(Image-caption web data)
►
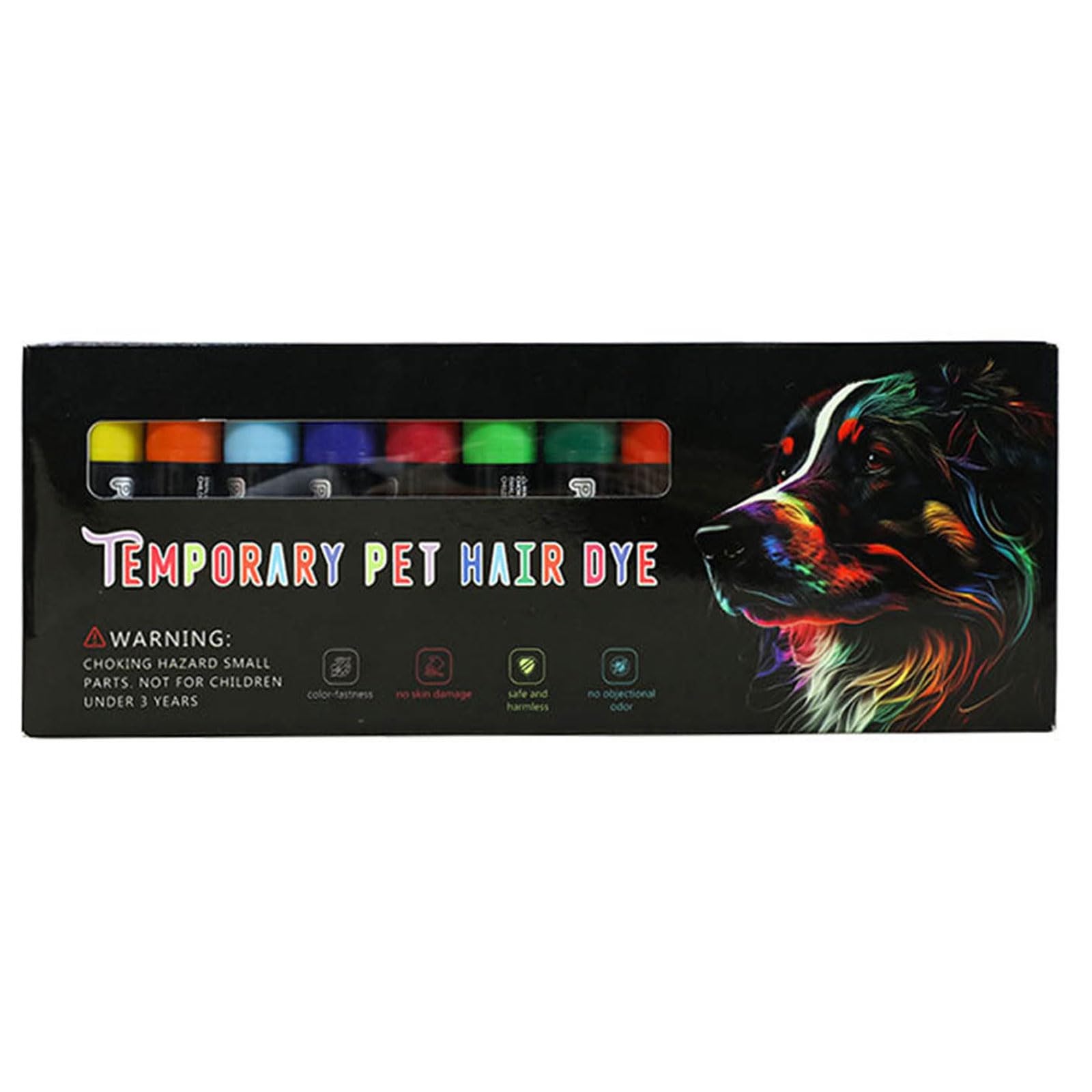 WuLi77 Hundepflegekreide 12-Farben Set Sichere Waschbare Haarkreide Für Halloween Karneval Party Tierhaarfärbestifte Set Leicht Zu Entfernen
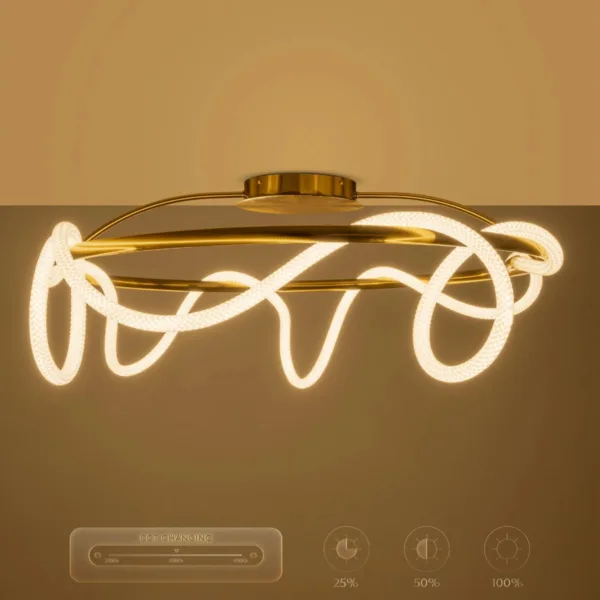 kelvo® GLOW 61674 Μοντέρνο Φωτιστικό Οροφής LED 65W 6500lm 360° AC 220-240V IP20 Ρυθμιζόμενο Λευκό CCT με Χειριστήριο από 2700K έως 6000K Dimmable - Lumileds SMD Chip - Χρυσό Πλατίνα & Λευκό Νήμα - Μ100 x Π100 x Υ30cm - 3 Χρόνια Εγγύηση - Image 14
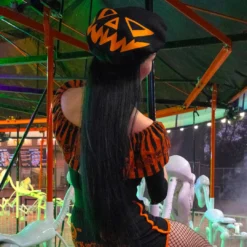 Trick Or Treat Pumpkin Black Beret -Kreepsville 666 Shop HBBTTPB 3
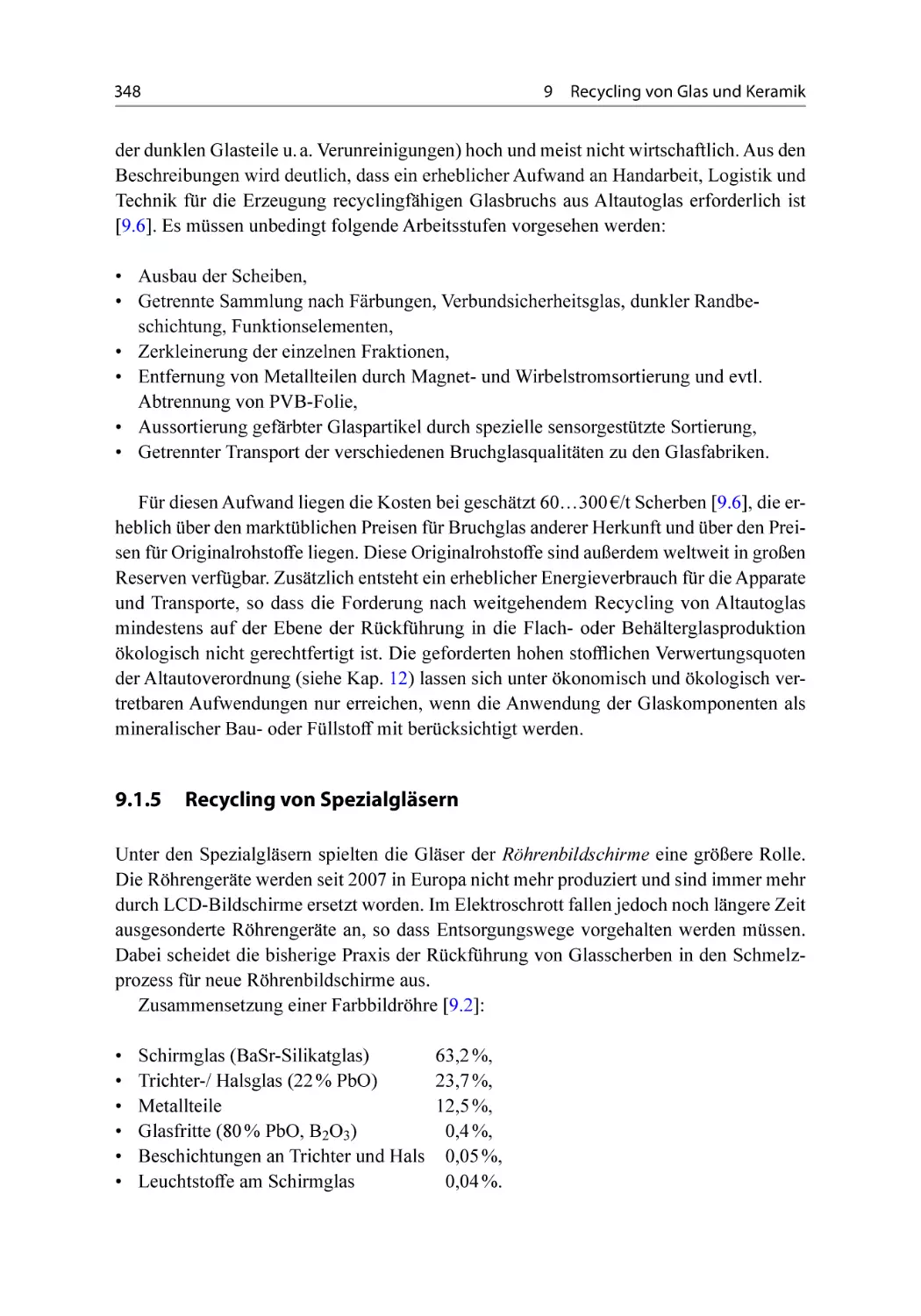 9.1.5 Recycling von Spezialgläsern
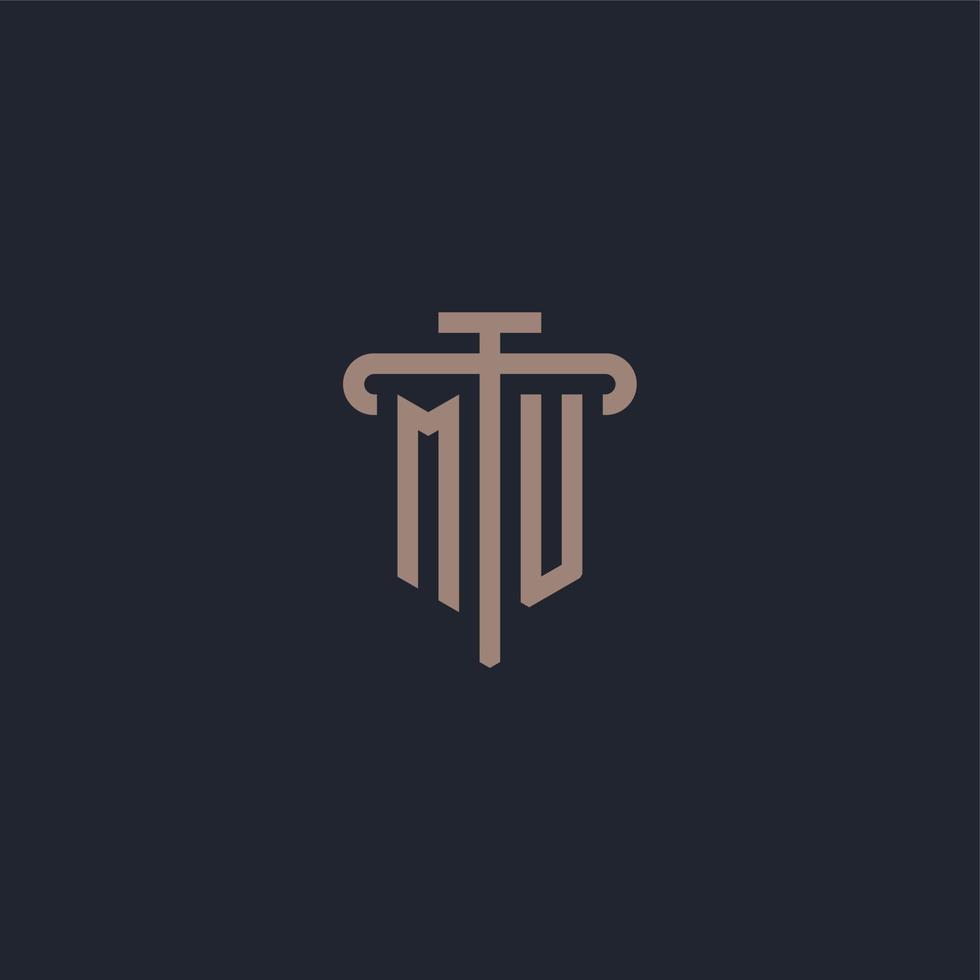 MU initial logo monogram with pillar icon design vector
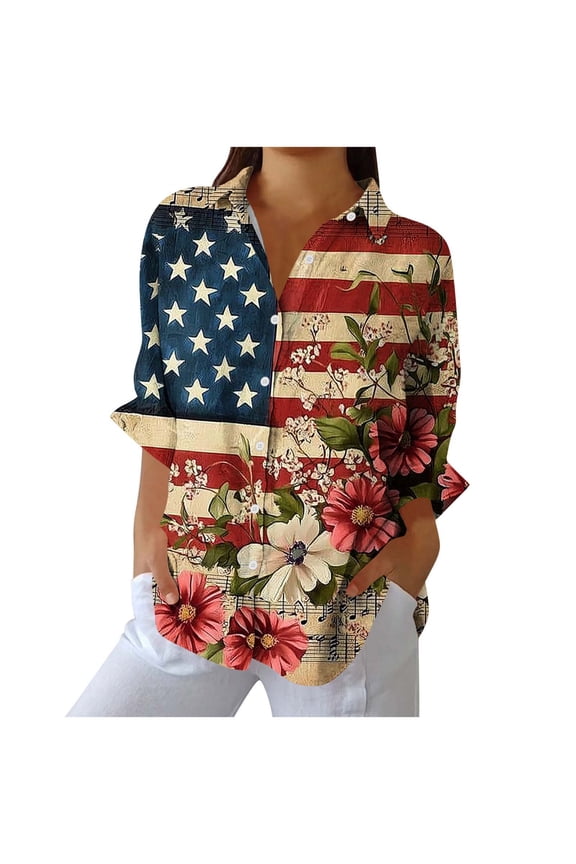 USA 4th of July Shirts for WoWomen Long Sleeve Lapel Independence Day Patriotic Tee 250 Years Red White and Blue Button Down Graphic Shirt Summer Tops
◄
● PROBLEM TO SOLVE
Produce an exact copy of the records above, leaving out the pictures.

● RESPONSE AREA
 WuLi77 Hundepflegekreide 12-Farben Set Sichere Waschbare Haarkreide Für Halloween Karneval Party Tierhaarfärbestifte Set Leicht Zu Entfernen
 kelvo® GLOW 61674 Μοντέρνο Φωτιστικό Οροφής LED 65W 6500lm 360° AC 220-240V IP20 Ρυθμιζόμενο Λευκό CCT με Χειριστήριο από 2700K έως 6000K Dimmable - Lumileds SMD Chip - Χρυσό Πλατίνα & Λευκό Νήμα - Μ100 x Π100 x Υ30cm - 3 Χρόνια Εγγύηση - Image 14
 Trick Or Treat Pumpkin Black Beret -Kreepsville 666 Shop HBBTTPB 3
 9.1.5 Recycling von Spezialgläsern
 MU initial logo monogram with pillar icon design vector
 USA 4th of July Shirts for WoWomen Long Sleeve Lapel Independence Day Patriotic Tee 250 Years Red White and Blue Button Down Graphic Shirt Summer Tops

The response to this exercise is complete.